いつしか日は傾きかけていた。手をつないで城へ帰る祖父とその孫娘、そして彼らに従う後の二人を、
やはりあふれんばかりの好意でもって領民達は眺めている…。 

    2 

 先の話は、三浦半島の先端にある三崎城にて未だに頑強に抵抗を続けていた三浦導寸、義意父子を、
  伊勢平入道やその一族が陸上、海上とも封鎖し始める少し前、永正十二年三月末頃の出来事である。 
それ以前の永正七年七月、入道があの手痛い敗北を喫した時から、三浦氏との戦いは既に始まっていたのだ。
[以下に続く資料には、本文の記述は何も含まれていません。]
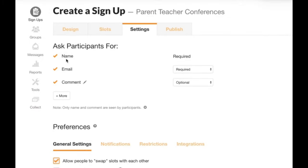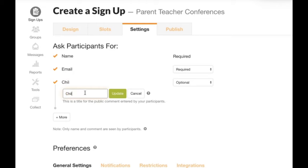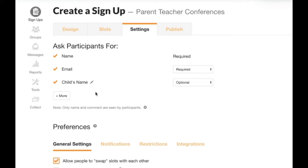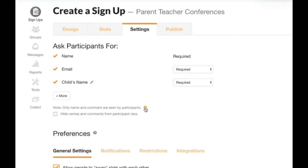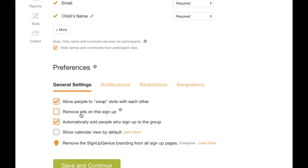On the settings tab, name and email address are automatically required. The comment field is great for parent-teacher conference signups — I recommend retitling it to 'child's name' so parents must list their child when signing up, making it easy to track which parent represents which child. I'm going to require that field. There's also an option to hide names and comments so they're only visible to you as the signup creator, not to other participants — so no one can see who's coming to which appointment. I'll select that option. I also recommend removing ads from the signup for a professional look, available with premium packages.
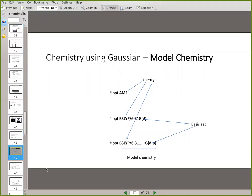We've already done some editing of Gaussian files. You have the line where you tell it to optimize, and after that you tell it the theory level you want. You could do AM1 — type OPT and AM1 and it's a semi-empirical calculation that will finish in minutes. Of course we've done B3LYP hybrid DFT calculations, which took quite a while. We'll discuss basis sets — we used a medium-sized basis set, but for even more accurate results you could use a larger one, though the calculation would then take longer.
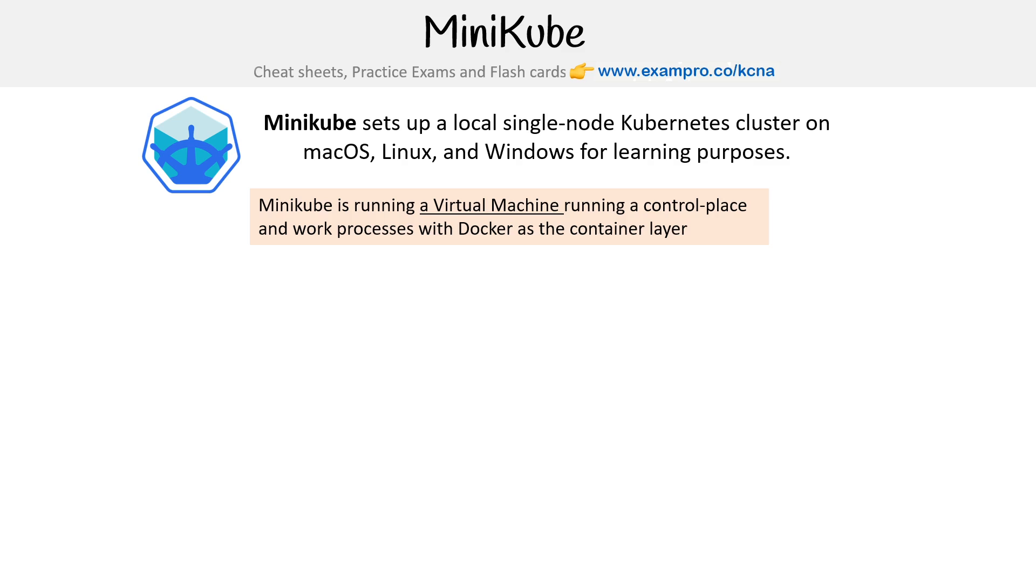One key thing is that it runs in a virtual machine, where we'll see other ones operate a little bit differently. But Minikube is very popular because it's super easy to use. It's not my favorite—I like micro k8s.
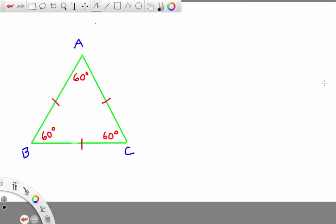with an equilateral triangle which I've already drawn. On the screen you see equilateral triangle ABC — it's equilateral because the sides are congruent and the angles are congruent. The angles are each 60 degrees because they are equal by definition, and the angles in any triangle must sum up to 180.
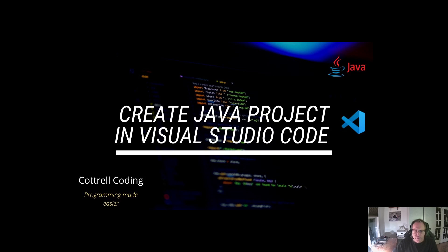Hi. In today's video, I'm going to demonstrate how to create a Java project using Visual Studio Code.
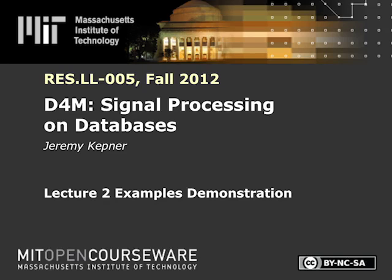The following content is provided under a Creative Commons license. Your support will help MIT OpenCourseWare continue to offer high-quality educational resources for free. To make a donation or to view additional materials from hundreds of MIT courses, visit MIT OpenCourseWare at ocw.mit.edu.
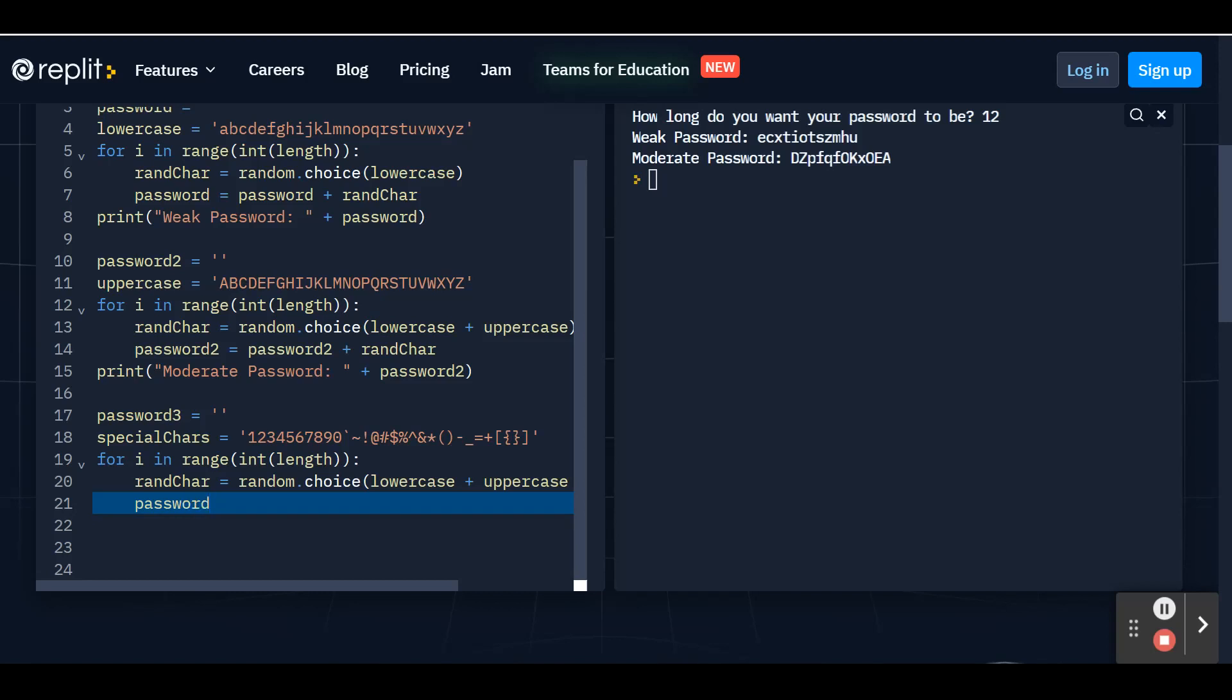So we're going to take password three. Make sure you spell it the same as you've been spelling it. And we're going to set equal to whatever password three already had in it, plus your random character. So rand char. And then once your for loop is done, go ahead and hit enter. Make sure you're at the beginning of this line.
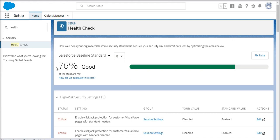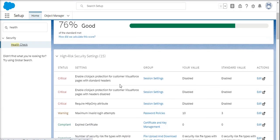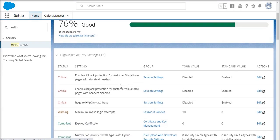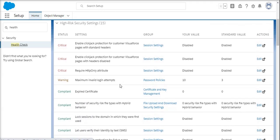Currently, my instance is showing around 76% good. Let's see what are the things impacting here.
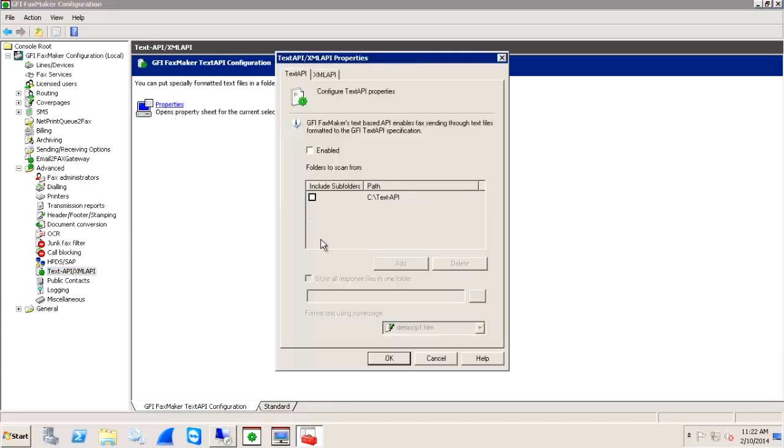The new window will allow you to enable the Text API function and specify a folder where the text files can be retrieved.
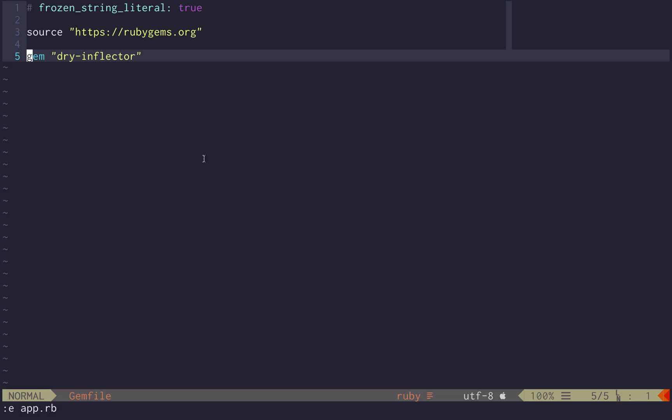Hello everyone! Today I want to talk about Dry Inflector. It's a gem that's able to pluralize, singularize and do other string manipulations.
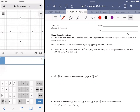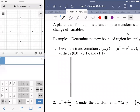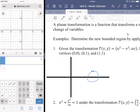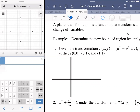Given the transformation T(x,y) = (u² - v², uv), find the image of the triangle in the UV plane with vertices (0,0), (0,1), and (1,1). Let me start off with a diagram to make our lives a little easier, because we're given vertices but not a function to transform. We have (0,0), (0,1), and (1,0) plotted.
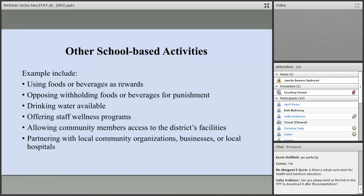For other school-based activities, you must have at least one goal. These might include that foods and beverages will not be used as rewards or withheld as punishment, making sure drinking water is always available for students, staff wellness programs, allowing community members to use district facilities when not in use by students — such as open or shared community use of fields and courts — and partnering with local community organizations, businesses, or hospitals on health-promoting activities.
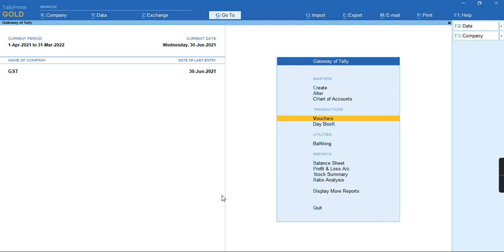Hello everyone, in this video we'll discuss how to record credit note debit notes unregistered in GSTR2.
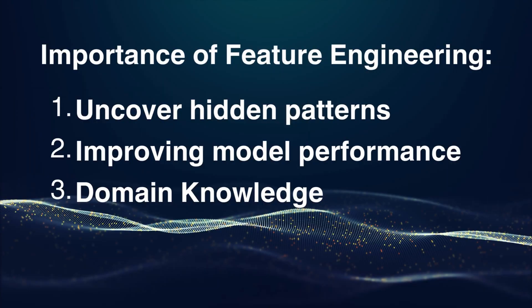Domain knowledge. Feature engineering often requires a deeper understanding of the problem domain. It's where your expertise as a data scientist shines.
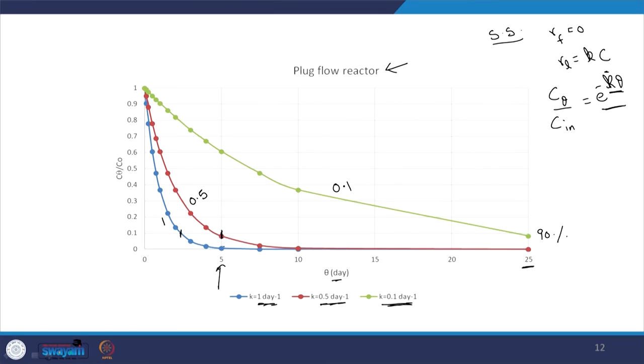This is important for wastewater treatment: during summer, temperature is high, so the rate constant increases. During winter in Roorkee, temperatures can drop to 6–7°C or even 2–3°C, so the rate constant decreases. This means treatment performance can be affected in winter depending on how you design and run the system. However, sewage itself has some temperature, so it should not be too great an issue in India.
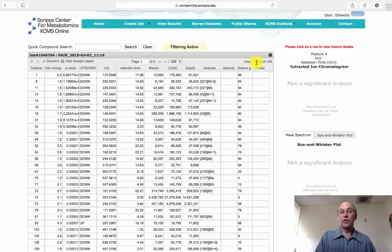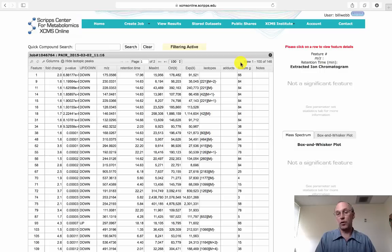And we notice that our spreadsheet of 19,000 lines is now a spreadsheet of 146 lines, which is much more manageable.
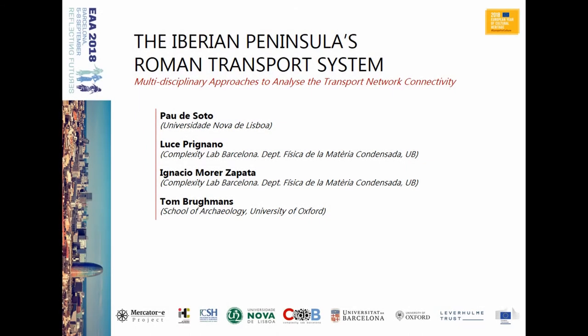Hello, good afternoon. I'm Pau de Soto and today I'm going to talk about different kinds of approaches to analyze the transport network in the Roman Iberian Peninsula.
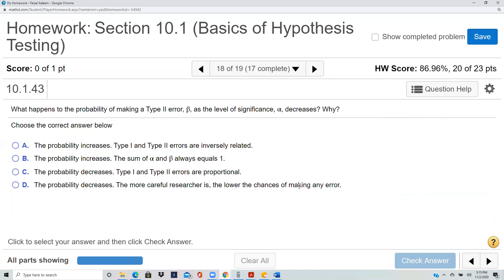What happens to the probability of making a Type II error (beta) as the level of significance alpha decreases? Alpha is the Type I error probability; beta is the Type II error probability. To understand this, consider the innocent-or-guilty analogy. A Type I error would be that the person is innocent but you say they are guilty. Now let's say you want to reduce this error.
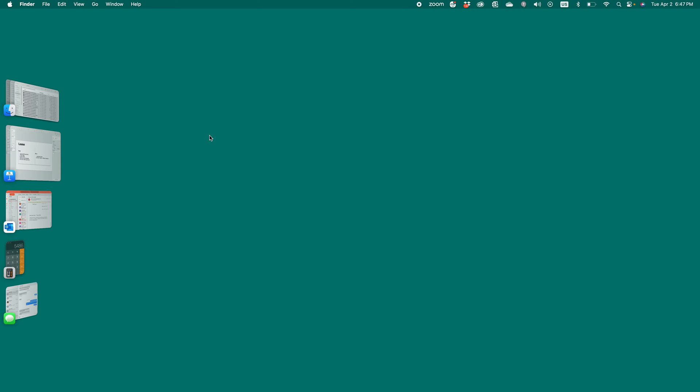Good evening, Kurt here with Teach Mom How. Today I'm going to show you how to make a gradebook using Microsoft Excel. So this would be for a teacher to make a weighted gradebook using Microsoft Excel. Let's get started.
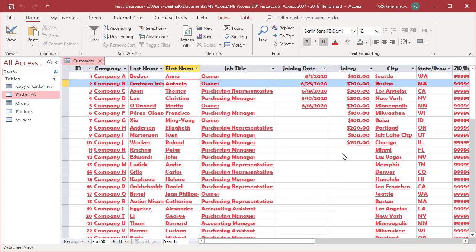Aligning data in columns. Access chooses default alignments based on a field's data type. Text aligns left. Numbers and dates align right. You can change the alignment of data in a column.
彼らは入道晩年の最後にして最大の敵であったといえよう。 
入道が三浦道寸を岡崎から追い落として住吉城へ敗走させ、さらに住吉城も落として道寸をその嫡子である
三浦義意の守る三崎城へ追い詰めたのが、永正九年八月。その三崎城をも落とすために鎌倉周りの玉縄へ、
入道の次男、氏時へ命じて城を築かせ始めたのが同年十月のこと。 
また、関東公方家側でも永正六年より、長らく続いていた政氏、高基父子の争いに、永正九年、山内上杉顕実、
憲房の家督争いが加わった上、顕実を政氏が、憲房を高基が支持したために、規模は大きいが傍から見ればただの
親子喧嘩に過ぎなかったそれが、管領家にまでまたがる内紛にまで発展してしまっていた。これは結局、扇谷憲房が
その父顕実の本拠である鉢形城を落として彼を追い、さらに顕実が逃げ込んだ先の関東公方の拠点、古河城からも
公方本人である政氏と共に追い落とすことで一応の決着を見るのだが、つまるところ公方家も、山内上杉家も、
自分の家から出た火の始末をするのに必死で、伊勢氏と三浦氏の争いに構うどころではなかったのである。 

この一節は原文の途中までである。